The Krüppel-like factor 4 (KLF4) transcription factor can function as a tumour suppressor in various cancer types, and as an oncogene in others, including breast cancer. In their Nature Cell Biology paper, Daniel Peeper and colleagues have identified some of the molecular mechanisms that explain the Janus-like behaviour of KLF4 in tumorigenesis.

When the authors identified KLF4 as a protein that can bypass cellular senescence induced by oncogenic RAS (RASV12), they decided to investigate the molecular mechanisms that are at work. They established that KLF4 represses expression of the tumour suppressor p53, but induces expression of the cyclin-dependent-kinase inhibitor p21 (CDKN1A). p53 is a crucial mediator of RASV12-induced proliferative arrest, so the authors hypothesized that suppression of p53 by KLF4 is probably the means through which KLF4 bypasses senescence. This was confirmed when short hairpin RNAs were used to suppress p53 to levels similar to those achieved by expression of KLF4, and this prohibited RASV12-induced senescence.

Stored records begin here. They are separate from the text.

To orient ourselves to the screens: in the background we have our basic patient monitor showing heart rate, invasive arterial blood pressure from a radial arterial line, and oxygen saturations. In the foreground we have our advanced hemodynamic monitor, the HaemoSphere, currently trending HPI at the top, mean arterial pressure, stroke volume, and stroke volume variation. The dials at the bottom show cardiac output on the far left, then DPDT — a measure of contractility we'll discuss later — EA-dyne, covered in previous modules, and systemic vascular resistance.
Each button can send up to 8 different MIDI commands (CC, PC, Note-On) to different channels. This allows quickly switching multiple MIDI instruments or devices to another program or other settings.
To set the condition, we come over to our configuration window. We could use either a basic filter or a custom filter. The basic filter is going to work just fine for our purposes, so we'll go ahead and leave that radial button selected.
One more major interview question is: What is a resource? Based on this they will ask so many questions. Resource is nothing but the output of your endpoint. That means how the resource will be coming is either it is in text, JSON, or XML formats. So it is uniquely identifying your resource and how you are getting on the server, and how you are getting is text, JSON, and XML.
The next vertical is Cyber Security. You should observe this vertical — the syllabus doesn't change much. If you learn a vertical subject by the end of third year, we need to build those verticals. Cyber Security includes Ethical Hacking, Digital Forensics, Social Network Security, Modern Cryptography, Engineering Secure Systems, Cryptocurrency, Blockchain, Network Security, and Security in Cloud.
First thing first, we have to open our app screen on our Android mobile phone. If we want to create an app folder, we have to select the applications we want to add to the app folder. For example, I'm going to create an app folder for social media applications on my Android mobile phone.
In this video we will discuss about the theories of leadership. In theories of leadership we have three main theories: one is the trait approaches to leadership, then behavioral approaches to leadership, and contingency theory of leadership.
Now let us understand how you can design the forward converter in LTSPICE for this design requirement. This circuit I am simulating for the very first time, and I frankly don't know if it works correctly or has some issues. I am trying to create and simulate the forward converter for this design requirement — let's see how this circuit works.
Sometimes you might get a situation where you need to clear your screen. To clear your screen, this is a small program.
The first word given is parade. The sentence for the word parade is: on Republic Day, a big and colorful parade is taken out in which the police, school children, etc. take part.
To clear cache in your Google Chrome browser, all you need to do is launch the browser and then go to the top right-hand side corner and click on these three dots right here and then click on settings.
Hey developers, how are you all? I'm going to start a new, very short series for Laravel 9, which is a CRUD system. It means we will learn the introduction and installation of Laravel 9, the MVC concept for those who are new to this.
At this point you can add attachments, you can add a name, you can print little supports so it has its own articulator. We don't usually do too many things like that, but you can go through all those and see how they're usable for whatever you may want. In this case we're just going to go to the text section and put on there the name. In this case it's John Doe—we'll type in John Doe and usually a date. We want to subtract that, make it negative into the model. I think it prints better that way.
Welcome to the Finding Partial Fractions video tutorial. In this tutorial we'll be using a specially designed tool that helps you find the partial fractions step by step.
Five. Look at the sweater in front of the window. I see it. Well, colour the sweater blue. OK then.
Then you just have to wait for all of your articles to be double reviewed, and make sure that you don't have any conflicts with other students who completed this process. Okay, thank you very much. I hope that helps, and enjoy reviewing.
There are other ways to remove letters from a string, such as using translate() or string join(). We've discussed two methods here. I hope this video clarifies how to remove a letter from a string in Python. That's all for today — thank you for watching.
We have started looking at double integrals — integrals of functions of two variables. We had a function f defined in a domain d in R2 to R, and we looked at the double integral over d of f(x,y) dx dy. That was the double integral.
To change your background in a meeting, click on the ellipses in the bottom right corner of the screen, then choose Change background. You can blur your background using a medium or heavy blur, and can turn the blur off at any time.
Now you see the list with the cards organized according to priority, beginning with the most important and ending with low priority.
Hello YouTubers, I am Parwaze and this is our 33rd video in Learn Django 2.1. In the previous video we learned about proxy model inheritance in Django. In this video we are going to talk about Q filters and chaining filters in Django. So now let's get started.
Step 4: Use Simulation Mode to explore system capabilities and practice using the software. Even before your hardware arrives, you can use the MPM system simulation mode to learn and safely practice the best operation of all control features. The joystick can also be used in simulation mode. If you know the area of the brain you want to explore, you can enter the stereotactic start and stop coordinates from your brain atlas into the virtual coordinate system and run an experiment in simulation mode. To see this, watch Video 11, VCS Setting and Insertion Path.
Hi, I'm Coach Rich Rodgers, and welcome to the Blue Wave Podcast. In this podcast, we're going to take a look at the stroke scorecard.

How does KLF4 suppress the expression of p53? Northern blots demonstrated that KLF4 downregulates TP53 mRNA levels, and chromatin immunoprecipitation assays indicated that KLF4 achieves this by directly binding to the TP53 promoter.

Although KLF4-mediated repression of p53 explains how KLF4 prevents RASV12-driven arrest, it does not explain the reverse: how RASV12 bypasses KLF4-induced arrest. Indeed, KLF4, similar to most other tumour suppressors, normally triggers cell-cycle arrest. One of the known mitogenic targets of RAS is cyclin D1, and Peeper and colleagues found that RASV12 could not collaborate with KLF4 in stimulating cell proliferation in the absence of cyclin D1 expression, indicating a crucial role for cyclin D1 in this setting.

How does this tie in with the expression of p21, which KLF4 induces? Cyclin D1 neutralizes the p21-induced cell-cycle arrest, so the cells are able to proliferate. In agreement with this hypothesis, p21-null mouse embryonic fibroblasts were unable to arrest in the presence of KLF4. Together, these data indicate that KLF4 is a tumour suppressor that induces cell-cycle arrest by increasing the expression level of p21.

The authors also examined whether the KLF4-mediated repression of p53 could explain the oncogenic behaviour of KLF4 in breast cancer cells. They found that suppressing KLF4 in human breast cancer cell lines restored the expression of p53, which resulted in apoptosis. So, suppression of p53 by KLF4 seems to be important for the survival of breast cancer cells, and this probably explains the oncogenic effect of KLF4 in these cells.

The authors conclude that the systemic targeting of KLF4 would not be desirable, as it would inhibit both the oncogenic and the tumour-suppressor functions of KLF4.